ETA: Looked up this bedding, doesn't sound like it's pine.

Kaytee Soft Granule Blend


----------



## LuellaJean (May 28, 2011)

Okay guys, I'm working on the litter box training- they're doing okay at it, but they're still pretty young- only about 4 months old. Do you think it would help with the litter training if I only had litter in the litterbox? I like the bedding I'm using because it absorbs well and does really well at odor control. I will try the bowls that attach to the sides of the cage for their food and water and see if they like that better. The cage they are in has a hard plastic bottom (no wire) so if I take all the bedding out and just have it in the litterbox, I can find something to put on top of the plastic, but do they need that or is the plastic okay? One of them will chew any kind of fabric within his reach so I don't think a towel or fleece would work for them.
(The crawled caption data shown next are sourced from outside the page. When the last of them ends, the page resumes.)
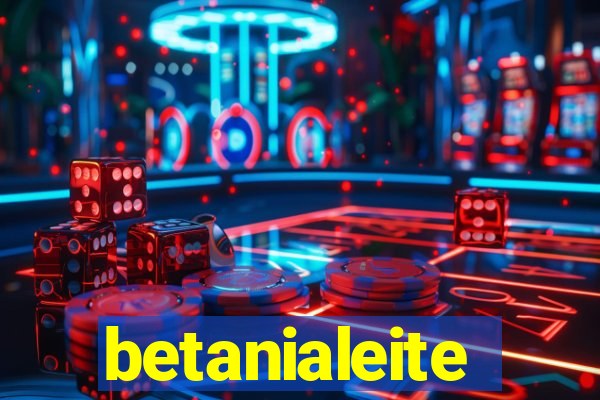 betanialeite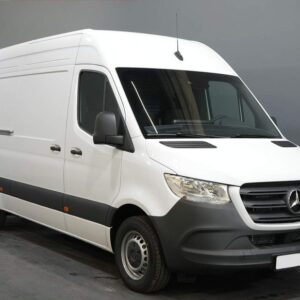 Mercedes-Benz Sprinter Bestelbus 315 CDI Aut. L2H2 MBUX/ Navi/ Carplay/ Cruise/ Caméra/ Pare-brise chauffant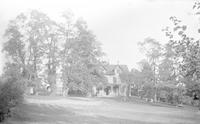 [Mount Equity, distant view from lawn, Pennsdale, Pa.] [graphic].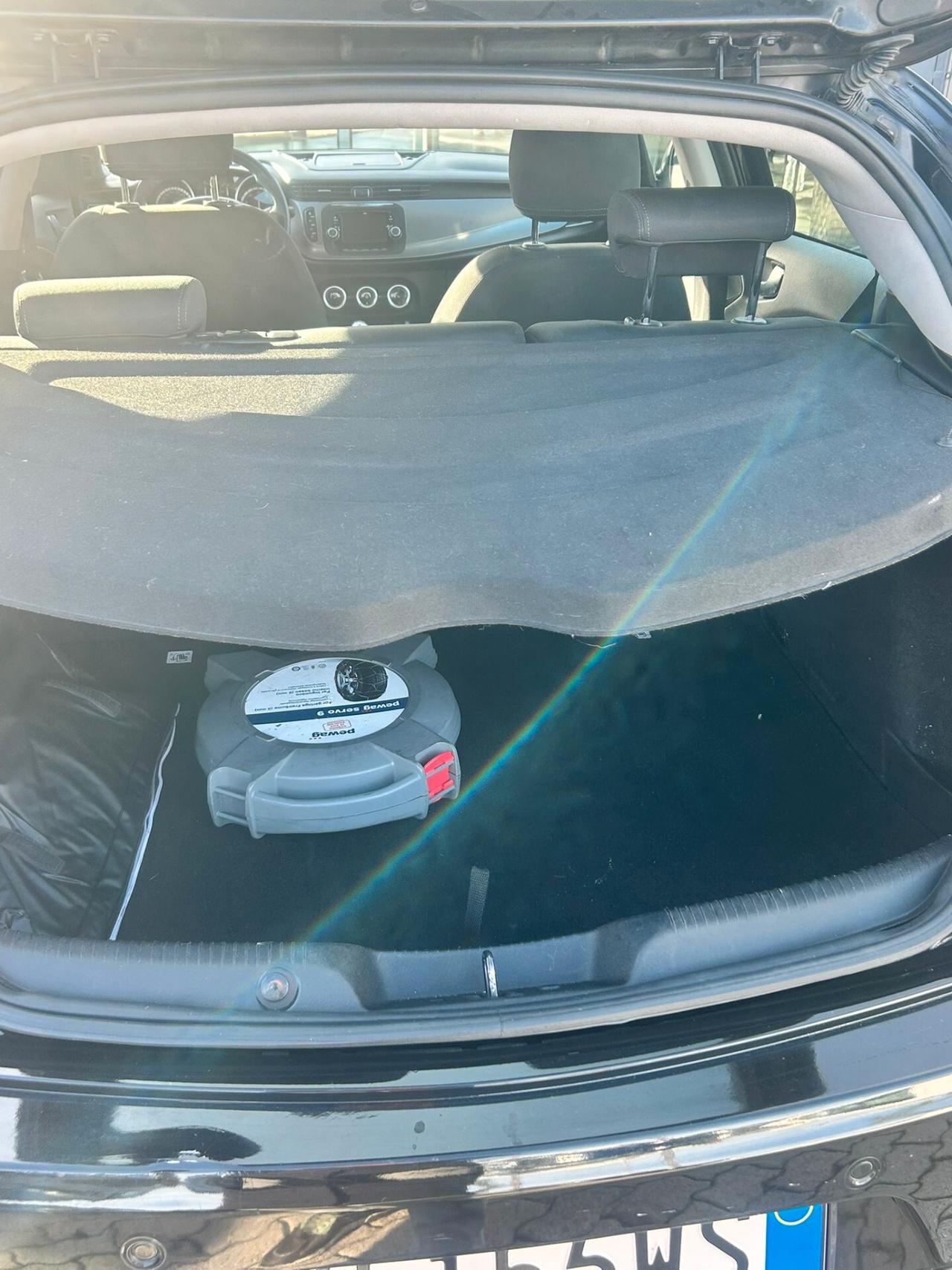 Alfa Romeo Giulietta 1.4 Turbo 120 CV GPL SPRINT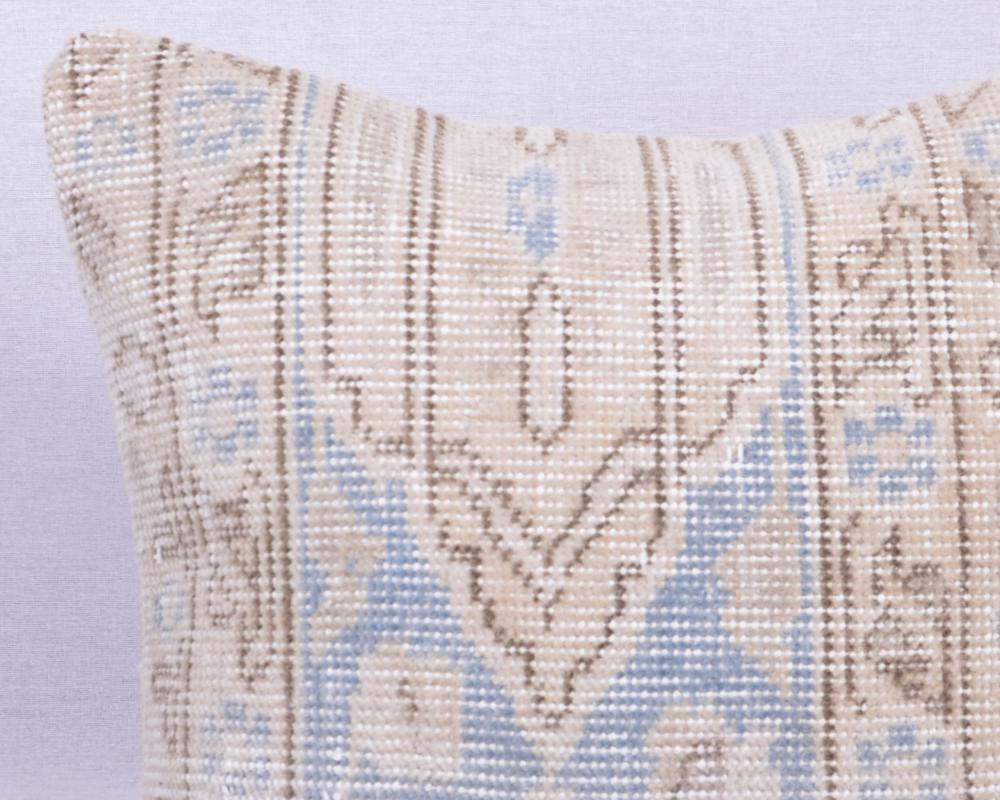 Anadolu Kilim Ve Halı El Dokuma Yastık Kılıfı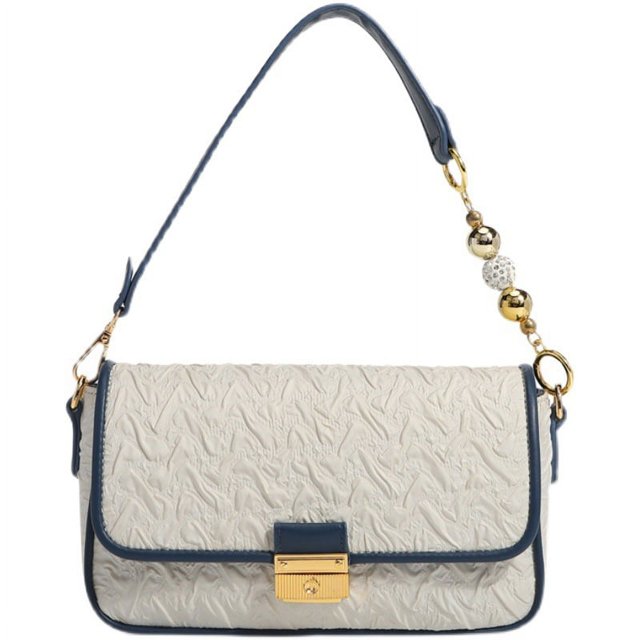 Bolso de mujer de alto sentido, pequeña cantidad de bolsos nuevos, todo tipo de cuentas de transferencia populares, bolso cruzado de un solo hombro para mujer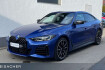 BMW Bmw Others  Bmw others  autres m440i a xdrive gran coupe m sport pro daprof aut
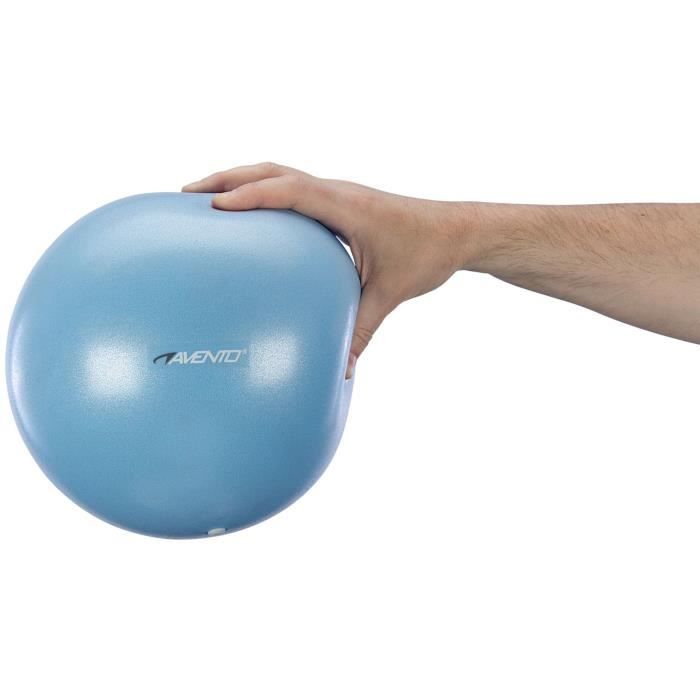 AVENTO Ballon d'exercice - 23 cm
Thanks for your feedback, keep it coming!


----------



## dragynflye (May 28, 2011)

it would make it easier to train them if the bedding/litter is only in their litter boxes. having it all over the cage confuses them as to where they are suppose to go. 4 months is not too young to train, but do expect some accidents. mine are around 4 months. outside of the cage, they are perfect. inside the cage, they (especially rue) don't always make it to the box. i just wipe up pee and sweep up the poos with a little hand broom. i use pine pellets in their boxes. pine and cedar SHAVINGS are dangerous, but kiln dried pine PELLETS, like the kind used for horse bedding, cat litter or wood stoves, are safe. i pay $6 for a 40lb bag of horse bedding at my local feed store, and it lasts about a month or so for two rabbits and two cats. feline pine (in the cat litter section of your pet store) is the same thing, but a little more expensive. it's still cheaper than most of the bedding they market specifically for small pets.


----------



## LuellaJean (May 28, 2011)

I've been considering using the wood pellets, I'll have to run by the feed store and pick some up when I finish my current bag of bedding. I'll clean their cage and put litter only in their box. Do I need to put something down for them to be on so they're not directly on the plastic bottom of the cage? This is their cage:


----------



## Boz (May 29, 2011)

I use Wood Pine Pellets. It's cheap and doesn't smell at all!

One time I ran out of Pine Pellets so I used some aspen shavings (used for my gerbils). The rabbit room smelled in less than a day of pee! It was bad! Not saying aspen is bad, but for a rabbit, wood shavings and paper based beddings just don't absorb like wood pine pellets do.

As for your question in your last post:
If your rabbits are not big chewers you can put rugs or towels down. Fleece works too (for the chewers too, it's safer). My rabbits don't chew too much so I use pieces of carpet and rugs. But it won't hurt them to be on the plastic. If it is slippery though it might be hard for them to jump in and out of the litter box. I'm not sure how slick those cages are inside. I don't think they are that slippery if I remember!

Hope that helps


----------



## hexi99 (May 29, 2011)

i use paper pellets and aspen bedding. i have tried for a long time to litter train jack sparrow but he just wont take to it. he likes bedding only in the four corners of his cage so thats how i do things for him. my baby bunny is still young so i am going to try to train her. the kind of paper pellets i use is called yesterdays news. i have also used corn cob bedding both are cheap and great for odor control.the dishes i use are heavy ceramic and mine cant tip them over so try that.


----------